> _ENTRIES SUPPLIED_
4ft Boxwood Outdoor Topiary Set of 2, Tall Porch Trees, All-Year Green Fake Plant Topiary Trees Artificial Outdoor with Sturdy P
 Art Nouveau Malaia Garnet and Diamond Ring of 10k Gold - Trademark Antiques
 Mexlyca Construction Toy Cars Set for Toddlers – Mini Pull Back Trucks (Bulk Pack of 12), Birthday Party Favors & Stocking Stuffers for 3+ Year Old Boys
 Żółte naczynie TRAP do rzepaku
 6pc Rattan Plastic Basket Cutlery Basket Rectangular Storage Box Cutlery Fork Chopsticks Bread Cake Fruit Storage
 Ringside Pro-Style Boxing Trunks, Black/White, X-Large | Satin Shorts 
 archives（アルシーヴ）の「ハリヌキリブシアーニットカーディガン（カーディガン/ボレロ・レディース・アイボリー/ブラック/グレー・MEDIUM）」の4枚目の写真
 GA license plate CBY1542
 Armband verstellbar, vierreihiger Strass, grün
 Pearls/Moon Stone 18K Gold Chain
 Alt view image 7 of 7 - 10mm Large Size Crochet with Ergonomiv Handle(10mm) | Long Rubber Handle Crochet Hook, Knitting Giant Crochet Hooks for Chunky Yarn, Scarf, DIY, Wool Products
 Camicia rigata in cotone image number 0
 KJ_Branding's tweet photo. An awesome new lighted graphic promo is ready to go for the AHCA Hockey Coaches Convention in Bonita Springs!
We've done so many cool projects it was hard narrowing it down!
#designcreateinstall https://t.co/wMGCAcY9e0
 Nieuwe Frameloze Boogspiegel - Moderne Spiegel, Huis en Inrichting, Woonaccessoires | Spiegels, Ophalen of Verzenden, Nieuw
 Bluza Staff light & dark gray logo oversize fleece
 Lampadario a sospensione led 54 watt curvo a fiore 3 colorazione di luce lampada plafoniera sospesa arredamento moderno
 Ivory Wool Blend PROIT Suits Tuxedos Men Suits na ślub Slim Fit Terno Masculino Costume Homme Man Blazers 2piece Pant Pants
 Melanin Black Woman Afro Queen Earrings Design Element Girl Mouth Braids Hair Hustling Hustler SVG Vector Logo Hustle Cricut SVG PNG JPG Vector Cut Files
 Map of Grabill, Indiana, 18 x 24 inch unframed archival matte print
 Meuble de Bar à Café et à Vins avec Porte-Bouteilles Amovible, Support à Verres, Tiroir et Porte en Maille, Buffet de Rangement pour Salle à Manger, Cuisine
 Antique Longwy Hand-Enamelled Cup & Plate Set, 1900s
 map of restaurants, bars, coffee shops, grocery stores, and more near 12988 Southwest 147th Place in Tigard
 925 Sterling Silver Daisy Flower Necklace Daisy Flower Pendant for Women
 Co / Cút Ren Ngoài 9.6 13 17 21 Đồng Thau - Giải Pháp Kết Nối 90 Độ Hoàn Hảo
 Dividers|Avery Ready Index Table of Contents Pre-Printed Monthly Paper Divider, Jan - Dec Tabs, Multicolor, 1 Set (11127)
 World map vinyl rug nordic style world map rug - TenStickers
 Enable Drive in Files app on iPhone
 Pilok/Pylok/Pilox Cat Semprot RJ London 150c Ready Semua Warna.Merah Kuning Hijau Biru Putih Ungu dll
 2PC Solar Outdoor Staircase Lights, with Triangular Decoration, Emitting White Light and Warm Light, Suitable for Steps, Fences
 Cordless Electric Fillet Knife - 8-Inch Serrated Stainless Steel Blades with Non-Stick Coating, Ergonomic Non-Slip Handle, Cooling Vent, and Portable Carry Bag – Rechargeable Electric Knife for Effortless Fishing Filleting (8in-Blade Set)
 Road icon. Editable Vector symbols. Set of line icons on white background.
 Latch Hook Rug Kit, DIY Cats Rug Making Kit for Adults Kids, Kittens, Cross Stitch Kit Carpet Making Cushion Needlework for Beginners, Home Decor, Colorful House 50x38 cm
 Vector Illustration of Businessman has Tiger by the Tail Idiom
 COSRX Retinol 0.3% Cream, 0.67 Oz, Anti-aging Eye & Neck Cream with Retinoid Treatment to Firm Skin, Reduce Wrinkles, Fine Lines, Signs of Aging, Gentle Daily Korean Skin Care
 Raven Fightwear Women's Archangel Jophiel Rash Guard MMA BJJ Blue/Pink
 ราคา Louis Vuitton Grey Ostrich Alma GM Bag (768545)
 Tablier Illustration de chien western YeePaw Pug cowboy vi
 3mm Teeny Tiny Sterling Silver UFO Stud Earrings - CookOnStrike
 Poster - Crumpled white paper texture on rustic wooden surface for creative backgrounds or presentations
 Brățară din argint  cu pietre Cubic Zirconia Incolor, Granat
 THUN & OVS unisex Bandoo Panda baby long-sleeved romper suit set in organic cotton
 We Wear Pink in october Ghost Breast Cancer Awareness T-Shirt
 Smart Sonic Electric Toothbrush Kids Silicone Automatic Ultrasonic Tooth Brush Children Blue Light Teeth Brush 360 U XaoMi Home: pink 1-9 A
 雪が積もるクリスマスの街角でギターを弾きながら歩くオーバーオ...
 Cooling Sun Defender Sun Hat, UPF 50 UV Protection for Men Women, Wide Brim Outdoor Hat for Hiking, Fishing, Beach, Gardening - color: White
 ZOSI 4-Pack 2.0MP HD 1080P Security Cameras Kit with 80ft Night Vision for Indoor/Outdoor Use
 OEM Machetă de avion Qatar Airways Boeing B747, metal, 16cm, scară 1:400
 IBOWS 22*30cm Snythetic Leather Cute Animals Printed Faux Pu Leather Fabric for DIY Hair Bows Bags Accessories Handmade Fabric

> _EXERCISE REQUIREMENTS_
The stretch of entries above that starts with the line containing "Mexlyca Construction Toy" and goes on through the line containing "KJ_Branding's tweet photo." is to be transcribed exactly, and no other line is to be transcribed.

> _WRITTEN SOLUTION_
 Mexlyca Construction Toy Cars Set for Toddlers – Mini Pull Back Trucks (Bulk Pack of 12), Birthday Party Favors & Stocking Stuffers for 3+ Year Old Boys
 Żółte naczynie TRAP do rzepaku
 6pc Rattan Plastic Basket Cutlery Basket Rectangular Storage Box Cutlery Fork Chopsticks Bread Cake Fruit Storage
 Ringside Pro-Style Boxing Trunks, Black/White, X-Large | Satin Shorts 
 archives（アルシーヴ）の「ハリヌキリブシアーニットカーディガン（カーディガン/ボレロ・レディース・アイボリー/ブラック/グレー・MEDIUM）」の4枚目の写真
 GA license plate CBY1542
 Armband verstellbar, vierreihiger Strass, grün
 Pearls/Moon Stone 18K Gold Chain
 Alt view image 7 of 7 - 10mm Large Size Crochet with Ergonomiv Handle(10mm) | Long Rubber Handle Crochet Hook, Knitting Giant Crochet Hooks for Chunky Yarn, Scarf, DIY, Wool Products
 Camicia rigata in cotone image number 0
 KJ_Branding's tweet photo. An awesome new lighted graphic promo is ready to go for the AHCA Hockey Coaches Convention in Bonita Springs!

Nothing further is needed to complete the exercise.